Reserve Bank’s LVRs will have little impact on New Zealand’s house price growth and more macro-prudential tools are likely, a global ratings agency says.

Friday, August 26th 2016, 3:30PM

by Miriam Bell

Earlier this week, Standard & Poors warned that strong house price inflation, coupled with an increase in private sector credit growth, has made for increased economic risks for New Zealand’s banks.

Following that warning, the agency has made a presentation on New Zealand’s banking sector and the Reserve Bank’s macro-prudential tools were a focus.

Standard & Poors analyst Andrew Mayes said the new investor-targeted LVRs, which are set to come into force on October 1, will provide a further degree of financial stability.

The LVRs introduced previously have had some success in achieving a decline in the proportion of high LVR loans held by the banks, he said.

“We would expect to see that decline continue. They do impose more onerous conditions so we think we will see some impact on house prices from them, especially in regions out of Auckland.

But while there might be a slight slowdown in house price growth, Standard & Poors expects to see some house price imbalances continue to grow.

Mayes said one of the reasons for this is that interest rates are at an all-time low.

“There are also a number of issues that are out of the control of the Reserve Bank. These include immigration, housing supply, and a tax regime that favours household debt.”

In his view, the Reserve Bank is likely to introduce further restrictions, such as capital overlays or debt-to-income ratios or even more LVRs.

Mayes said that, as the Reserve Bank hasn’t done anything about the serviceability of loans, debt-to-income ratios were likely to be next on the cards.

“If you look at the debt serviceability ratio – it has been trending down due to falling interest rates.

“But we suspect, especially for some of the newer loans, that it is probably headed north given how much debt individuals have taken on.”

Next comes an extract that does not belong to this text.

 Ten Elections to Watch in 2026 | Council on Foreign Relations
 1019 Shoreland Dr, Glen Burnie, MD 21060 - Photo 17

Given debt is not likely to decrease nor wages likely to increase much, that situation won’t change, he said.

This means there is a strong possibility that the Reserve Bank will decide to act on it in the name of financial stability.

However, in the presentation, it was emphasised that, while the economic risks to New Zealand’s banks have increased, the country’s banking system is not a risky system.

Standard & Poors analyst Nico DeLange said it was important to look at where the country sits internationally.

“New Zealand is roughly in the top third of all the banking systems we assess so, even if the risks have increased, it is not in the high risk category of countries.”

It is supported by a resilient economy and a conservative but proactive bank regulator, he said.

“There is also a low risk appetite that supports the system. It is still very profitable so the banks don’t need to take unwarranted risks to improve their performance.”

It is unlikely that there is a bubble brewing in New Zealand, he added.

“Our base case is that any heightened economic imbalance will unwind in an orderly manner with no major increase in material losses, including in the residential mortgage area.

“Also, the overall economic outlook is quite benign compared to its international peers.”